Randomization almost always produces statistically identical treatment and control groups, but there are other quasi-experimental techniques that are used to generate balanced groups, meaning groups that have no observed differences in the traits that are measured and reported in the data.

It is important to note that these approaches can generate subsamples that are balanced on observed characteristics, but randomization ensures that groups are balanced on both observed and unobserved characteristics.

The problem with omitted variables is we don’t always know what they even are, so it’s hard to ensure you have included ALL variables that might matter in a regression. Since randomization produces balance in unobserved traits it fixes omitted variable bias problems that you were not even aware you had! Which is why RCTs are “the gold standard” in causal inference and astute policy-makers will look for convergence in results across several quasi-experimental studies before trusting the inferences.

Contrasts with Categorical Variables

When examining group composition it is common to include traits like race and gender that are categorical and not numerical measures.

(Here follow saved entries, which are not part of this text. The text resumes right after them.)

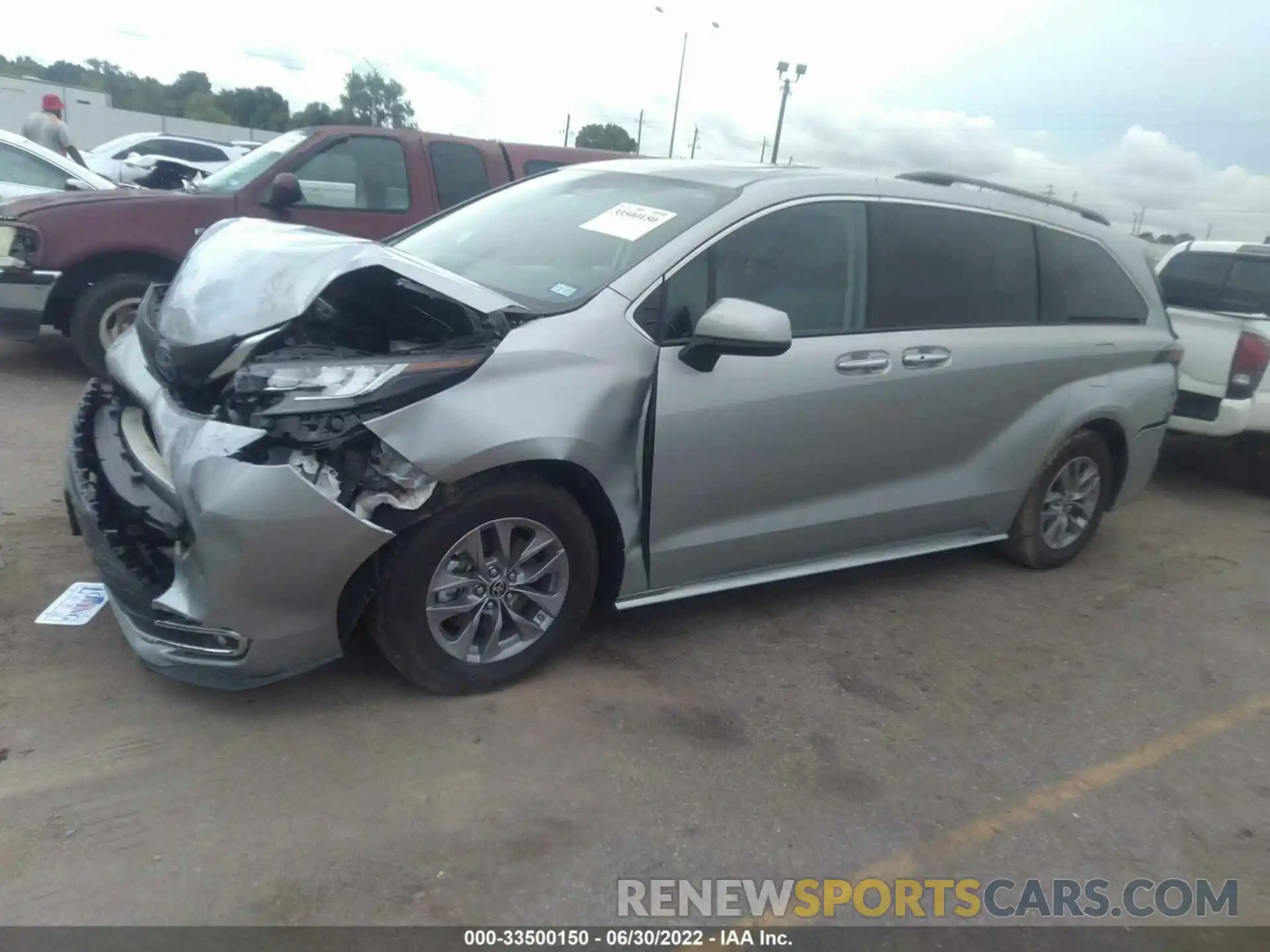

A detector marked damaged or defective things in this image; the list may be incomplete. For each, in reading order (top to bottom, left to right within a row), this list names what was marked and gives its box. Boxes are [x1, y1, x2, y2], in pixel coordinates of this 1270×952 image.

crushed front end [67, 219, 516, 688]
damaged hood [156, 217, 524, 346]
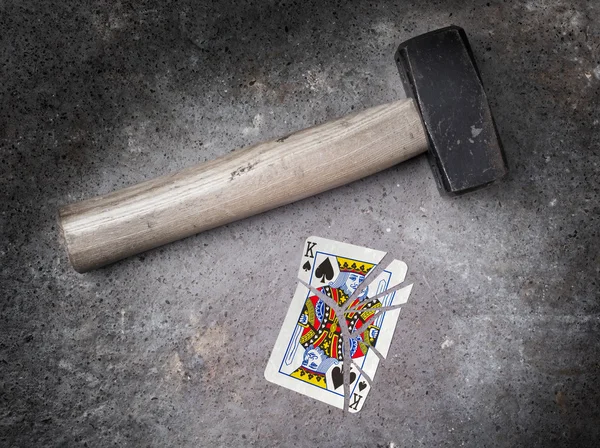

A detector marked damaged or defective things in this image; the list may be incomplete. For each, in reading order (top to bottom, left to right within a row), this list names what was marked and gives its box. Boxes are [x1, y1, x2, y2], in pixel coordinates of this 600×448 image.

broken playing card [266, 238, 412, 412]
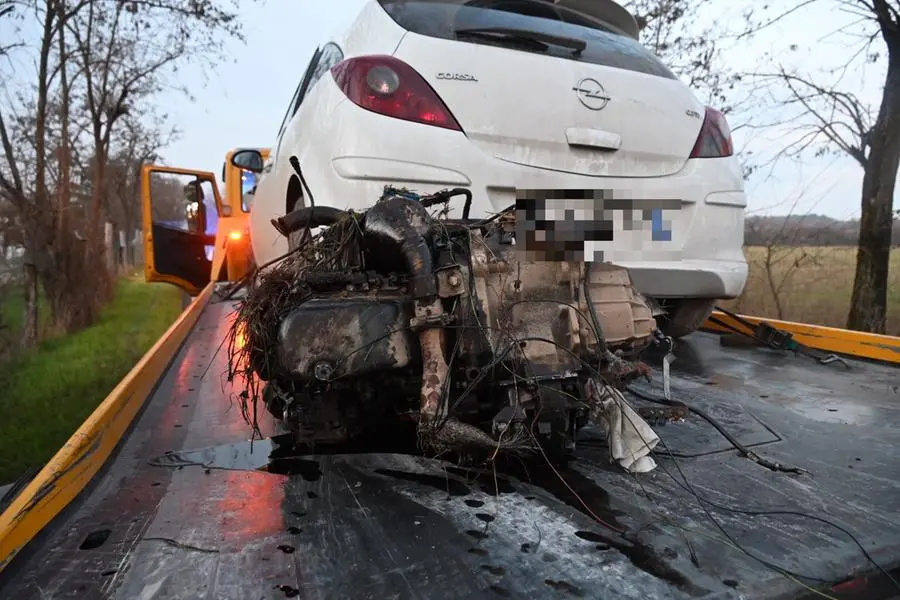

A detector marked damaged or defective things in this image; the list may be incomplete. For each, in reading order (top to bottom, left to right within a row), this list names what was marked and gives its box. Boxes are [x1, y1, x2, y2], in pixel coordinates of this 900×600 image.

torn out engine block [243, 190, 656, 462]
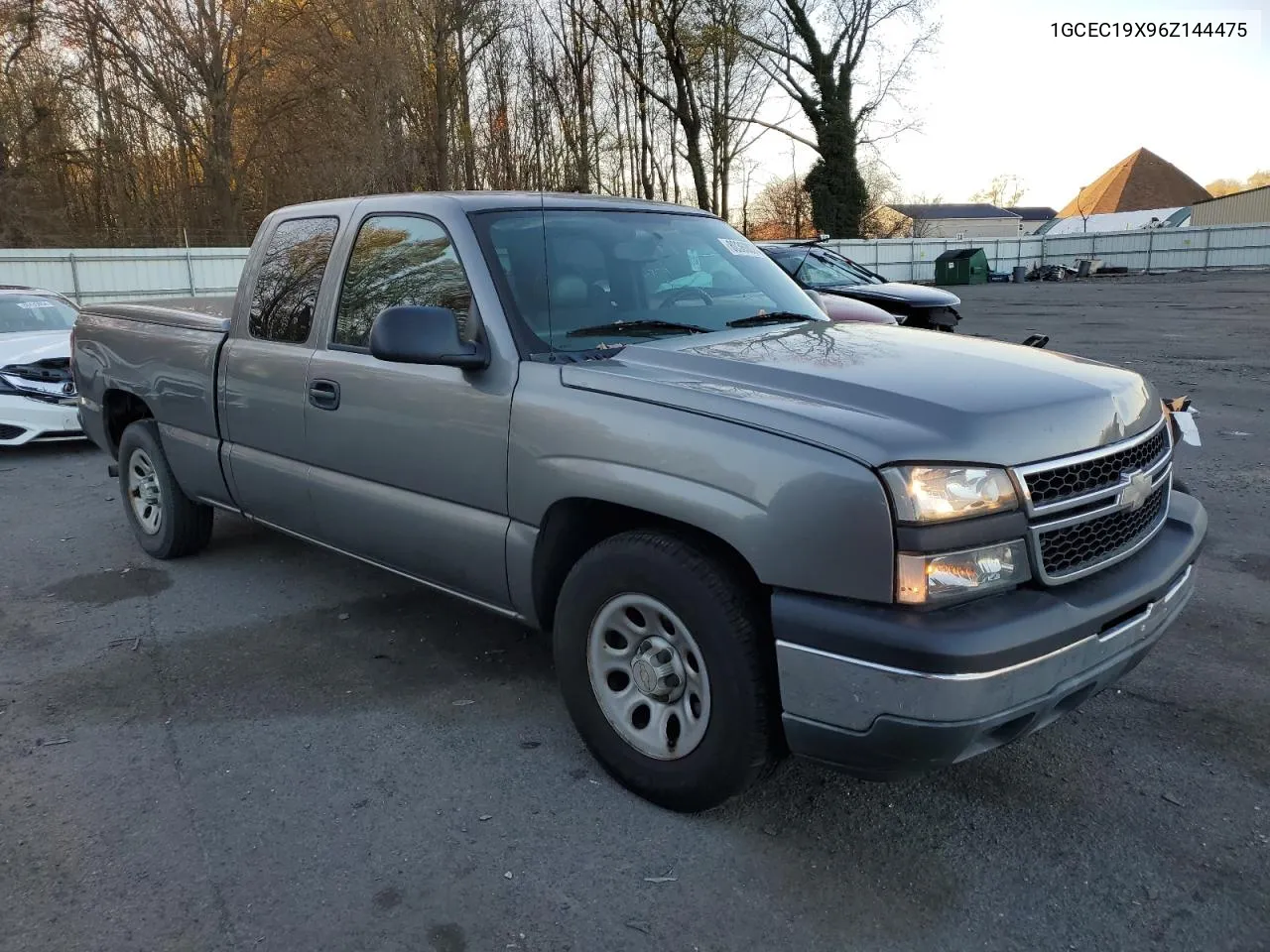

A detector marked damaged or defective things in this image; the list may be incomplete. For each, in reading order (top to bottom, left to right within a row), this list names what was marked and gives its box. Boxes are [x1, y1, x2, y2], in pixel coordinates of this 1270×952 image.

damaged vehicle [0, 286, 83, 446]
damaged vehicle [754, 240, 960, 333]
cracked asphalt [0, 268, 1262, 952]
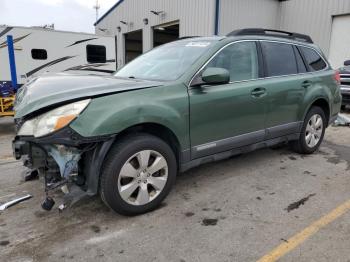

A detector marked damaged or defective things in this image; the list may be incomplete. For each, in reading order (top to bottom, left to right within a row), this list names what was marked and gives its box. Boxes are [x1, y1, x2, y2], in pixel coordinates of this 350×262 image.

broken headlight [17, 99, 90, 138]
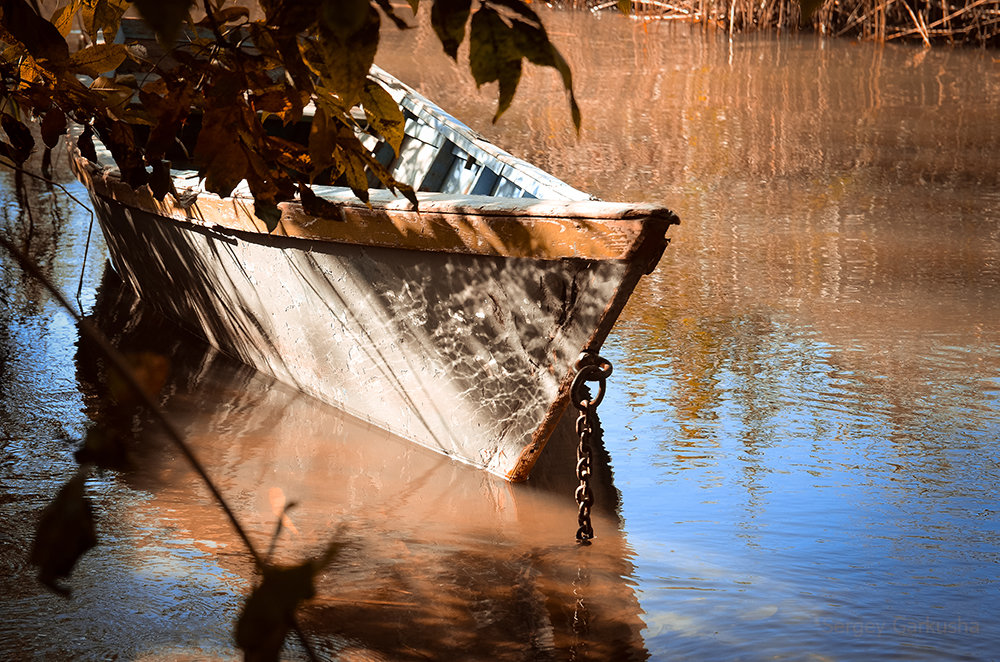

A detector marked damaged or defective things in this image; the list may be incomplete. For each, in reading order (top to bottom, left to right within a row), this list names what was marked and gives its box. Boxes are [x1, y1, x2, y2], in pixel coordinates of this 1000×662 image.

rusty chain [572, 352, 608, 544]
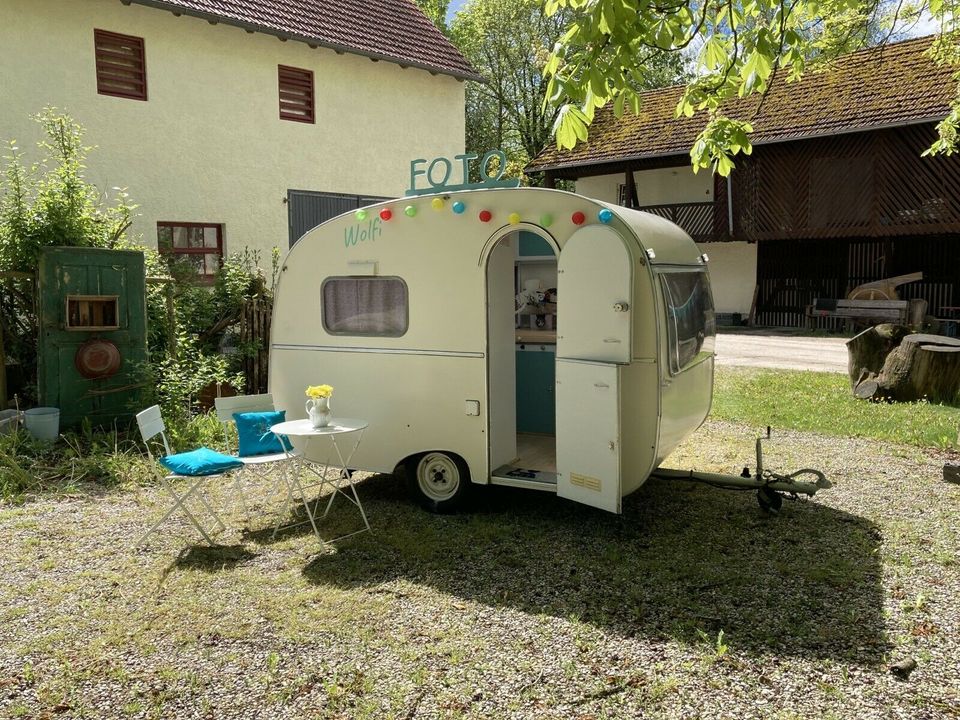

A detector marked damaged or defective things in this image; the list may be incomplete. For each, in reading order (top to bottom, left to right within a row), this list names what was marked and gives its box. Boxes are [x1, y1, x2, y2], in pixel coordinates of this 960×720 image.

rusty metal disc [75, 338, 122, 380]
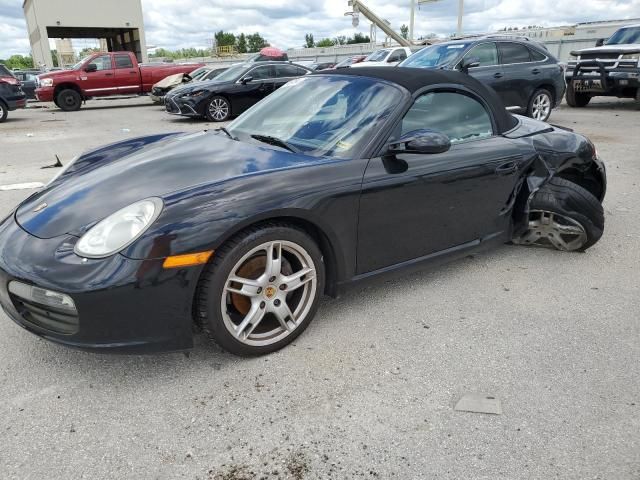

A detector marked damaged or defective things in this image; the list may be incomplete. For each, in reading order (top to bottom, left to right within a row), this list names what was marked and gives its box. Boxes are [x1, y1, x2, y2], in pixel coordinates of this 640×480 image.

exposed rear wheel [56, 87, 82, 111]
exposed rear wheel [205, 95, 230, 122]
exposed rear wheel [528, 88, 552, 122]
exposed rear wheel [564, 83, 592, 108]
exposed rear wheel [512, 176, 604, 251]
exposed rear wheel [195, 223, 324, 354]
cracked asphalt [0, 95, 636, 478]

T-tests are used to conduct a contrasts when measures are continuous, but they do not work when the variable is categorical (how would you calculate the average of four categories of race?).

When variables are categorical we will instead use a chi-square test. It is a common test for independence of factor levels in statistics.

Tests for independence

What do we mean by a test for the independence of two variables?

Recall the meaning of statistical significance in the regression context. If the slope coefficient is significant then knowing information about the treatment (milligrams of caffeine consumed) should give you information about the outcome (heart rate).

Heart rate depends on caffeine intake if the two variables are related.

If we have no information about caffeine intake of each participant then our best guess for a person’s heart rate is the average heart rate of all people in the sample (the blue line, y-bar).

If our model is meaningful (the slope is statistically significant) then our best guess for a person’s heart rate is the average of all individuals that consumed the same amount of caffeine, or the predicted value of Y for a level of X (the point on the red regression line).

When factors are independent then knowing additional information about X tells us nothing about Y. In the case on the left we could do just as well guessing the average heart rate for each case instead of using the regression line.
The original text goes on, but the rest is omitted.